In the spring, at the end of the day, you should smell like dirt.
— Margaret Atwood, Bluebird’s Egg
Queen Victoria’s birthday, May 24, is marked on the gardener’s calendar as planting time. By then, it’s generally believed, frost warnings are a thing of the past and fragile seedlings will happily shoot up to invade every square centimetre.
Before then, of course, happy green thumbs are wandering through greenhouses and garden centres, as well as checking out events organized by traders. Cuttings traders, that is. There’s a plant and seed exchange in Saint-Denis-de-Brompton on Saturday, for example (organized by a resident of 110 rue de Laverdure, between 11 a.m. and 3 p.m.; a donation is requested if you want a plant but have nothing to exchange for it). Two days later, on the holiday Monday, May 20, you can drop off unwanted plants and buy inexpensive greenery at Sherbrooke’s Marche de la Gare from 8 a.m.; that event is co-sponsored by the environmental group Action Saint Francois.
But what to plant? For some, a garden is a means to a different end. “We all have our favorite birds, in backyards and in the wild. I’ve learned where they feel at home, and which plants they can’t resist. And I’ve put those lessons to work in every place I’ve lived, to bring the birds I like best to my own backyard.” And you can give it a try, as well, thanks to Sally Roth’s Bird-By-Bird Gardening: The Ultimate Guide To Bringing In Your Favorite Birds – Year After Year (2006).
Roth ‘s guide begins at woodpeckers — you can learn to tell them apart by the drumming sound they make as they have a go at the nearest tree.
If you don’t want to wait years for a stripling to grow, plant the biggest branch you can lift.
“Planting a dead tree will instantly catch a woodpecker’s attention. I like to pick out real branches with graceful curves that look like garden art to my eye. Driftwood is my favorite find…. it’s usually sturdy enough to last a few years after ‘planting’.”
At almost 400 pages, there’s bound to be birds in this volume that you will want to share the summer with.
Or perhaps you’ve already spent a bit of time planting over the years. But you just can’t seem to get one species to settle in. Leaves die, bushes are sickly small, flowering trees stubbornly refuse to show their colours. It’s time for The Reader’s Digest Garden Problem Solver: The Ultimate Troubleshooting Guide For Successful Gardening (2004).

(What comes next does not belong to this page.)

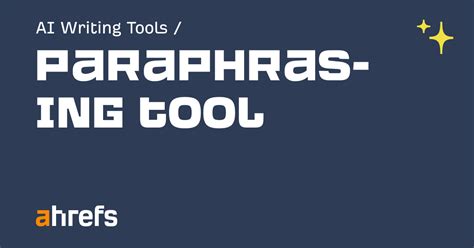 ahrefs paraphrasing tool|Free Paraphrasing Tool: Reword Your Text with AI.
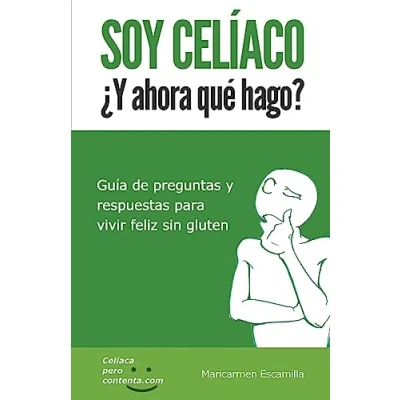 Imagen de SOY CELIACO ¿Y ahora que hago?: Guia de preguntas y respuestas para vivir feliz sin gluten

This is another encyclopedic overview, and American in focus. But that doesn’t matter so much. It’s easy to find your hardiness zone, which is the grade that identifies your climate and what plants best survive. Sherbrooke is a 4b.
Don’t have a backyard? No space for a big den? Check out the Lennoxville Library’s garden section, which includes tips on planting in small containers (a window sill, the porch, a sunny spot in kitchen). Everyone has room for a little pot of fresh basil to brighten home and supper.